California’s Homeowner Bill of Rights (HBOR) is a set of laws that provides special protections to homeowners who are struggling to make their mortgage payments.
HBOR’s goals are to give more rights to California homeowners when it comes to foreclosure and make sure they get a fair opportunity to explore loan modifications, as well as other ways to avoid foreclosure in the process. (To learn what to do—and what not to do—in a foreclosure, see Foreclosure Do's and Don'ts.)
Read on to learn more about foreclosure protections for homeowners under California law.
The protections under HBOR, which went into effect on January 1, 2013, generally apply to first mortgages and deeds of trust on homes that are owner-occupied and don’t have more than four units. Almost all mortgage servicers—companies that manage loan accounts—have to comply with the HBOR laws.
HBOR prevents a servicer from recording a notice of default—the first official step in a California foreclosure—until 30 days after servicer has made contact (or has satisfied contact attempt requirements) with a delinquent borrower to discuss foreclosure alternatives.
Contact must be in person or by telephone. Under HBOR, the servicer must try to contact the borrower in person or by telephone in order to assess the borrower’s financial situation and explore options for the borrower to avoid foreclosure.
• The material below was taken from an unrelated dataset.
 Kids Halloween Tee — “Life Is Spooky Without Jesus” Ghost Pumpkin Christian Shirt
During the initial contact, the servicer has to advise the borrower that he or she has the right to request a subsequent meeting, which may be over the telephone, and, if requested, the servicer has to schedule the meeting to occur within 14 days.
The assessment of the borrower’s financial situation and discussion of options may occur during the first contact, or at the subsequent meeting scheduled for that purpose. In either case, the servicer has to give the borrower the toll-free telephone number made available by the United States Department of Housing and Urban Development (HUD) to find a HUD-certified housing counseling agency. (Read about using a HUD-approved housing counselor.)
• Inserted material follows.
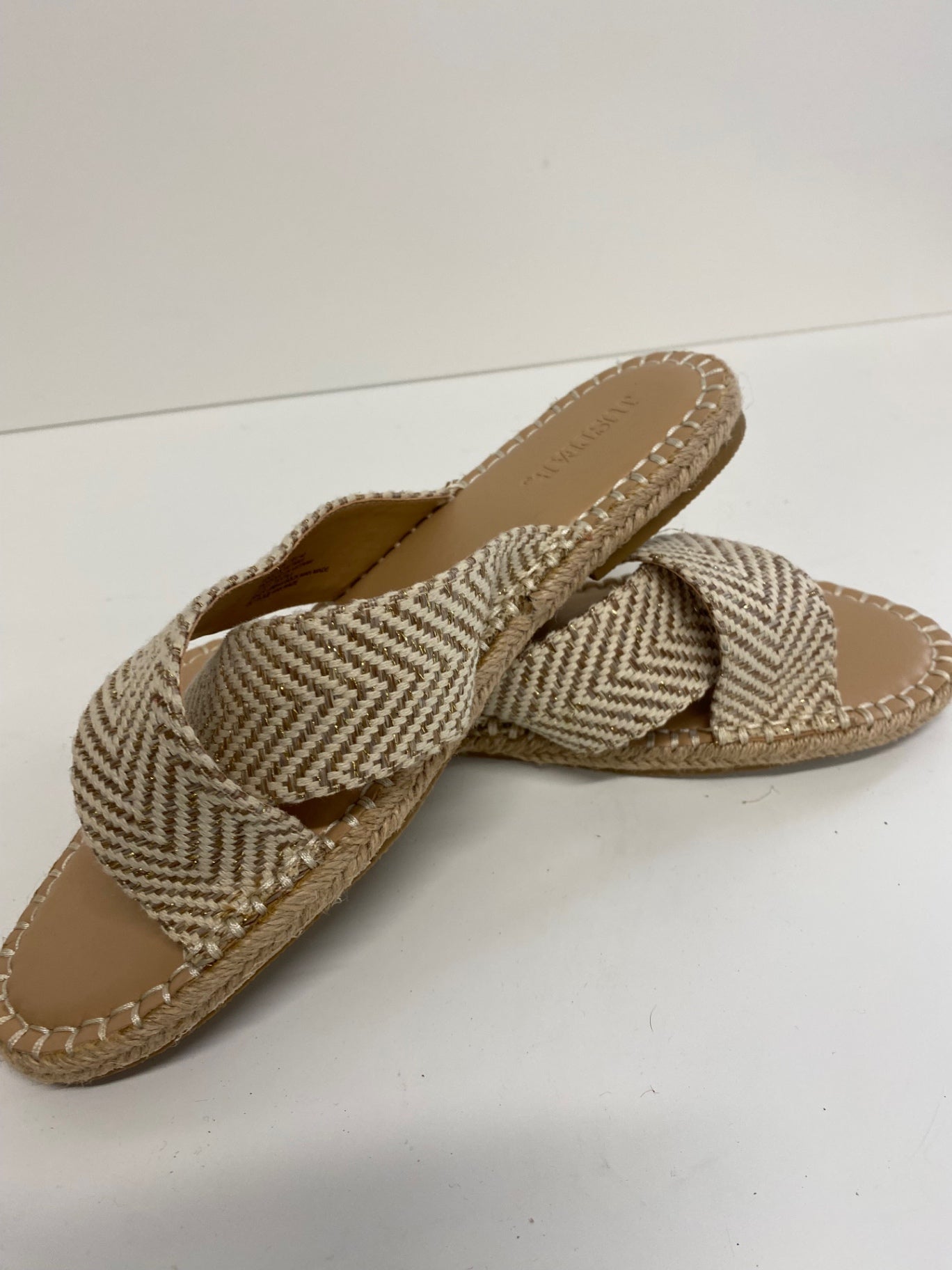 Gorgeous JustFab Sandals Uk7 Beige hessian & ivory MS008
Contact attempt requirements. The servicer has to first attempt to contact the borrower by sending a first-class letter that includes the toll-free telephone number made available by HUD to find a HUD-certified housing counseling agency. After sending the letter, the servicer has to attempt to contact the borrower by telephone at least three times at different hours and on different days. If the borrower doesn't respond within two weeks after the servicer meets the telephone call requirements, the servicer has to send a certified letter, with return receipt requested.
Cease and desist letters. If the borrower notifies the servicer in writing to cease further communication regarding the mortgage loan account, the servicer doesn't have to continue to try to contact the borrower.
A few of the other key provisions of HBOR, which also apply to most servicers, include:
Prohibition on dual-tracking. Dual-tracking happens when a servicer simultaneously reviews a borrower for a loan modification or other foreclosure avoidance alternatives while at the same time going forward with a foreclosure on the property.
Under HBOR, if a borrower sends the servicer a complete application for a first lien loan modification at least five business days before a scheduled foreclosure sale, the servicer can't record a notice of default, notice of sale, or conduct a trustee's sale while the application is pending, and until:
But the prohibition on continuing with the foreclosure doesn't apply if you already exhausted the loan modification application process—unless you've had a material change in your financial circumstances since you last applied. (Get an overview of the various federal and state laws that protect borrowers from dual tracking.)
Single point of contact requirement. Servicers must provide a single point of contact to a borrower who applies for a foreclosure prevention alternative.
Subsequent loss mitigation applications. The servicer has to review a borrower's subsequent foreclosure alternative application if there has been a material change in the borrower's financial condition.
No robo-signing. HBOR prohibits “robo-signing.” Robo-signing is when an employee of a bank or servicer signs a foreclosure document, like an affidavit or assignment of mortgage, without having any knowledge about whether the information in the document is correct. Under HBOR, servicers have to review foreclosure documents and make sure that those documents are accurate, complete, and supported by reliable evidence about the borrower’s loan, the loan’s status, and the servicer’s right to foreclose.
Written denial notice requirement. HBOR also requires the servicer to give the borrower a denial notice if the servicer rejects the borrower’s request for a first lien loan modification. The notice must specifically give the reasons for the denial and, if applicable, a description of other foreclosure prevention alternatives for which the borrower might be eligible, and a list of the steps the borrower must take in order to be considered for those options. If the servicer has already approved the borrower for another foreclosure prevention alternative, the notice must include information necessary to complete the foreclosure prevention alternative.
Fees. The servicer can't charge fees to apply for a loan modification, or late fees, while a loan modification application is pending.
If you think your servicer has violated HBOR, consider talking to a foreclosure attorney. You might be able to stop the foreclosure until the servicer complies with the law or sue for damages.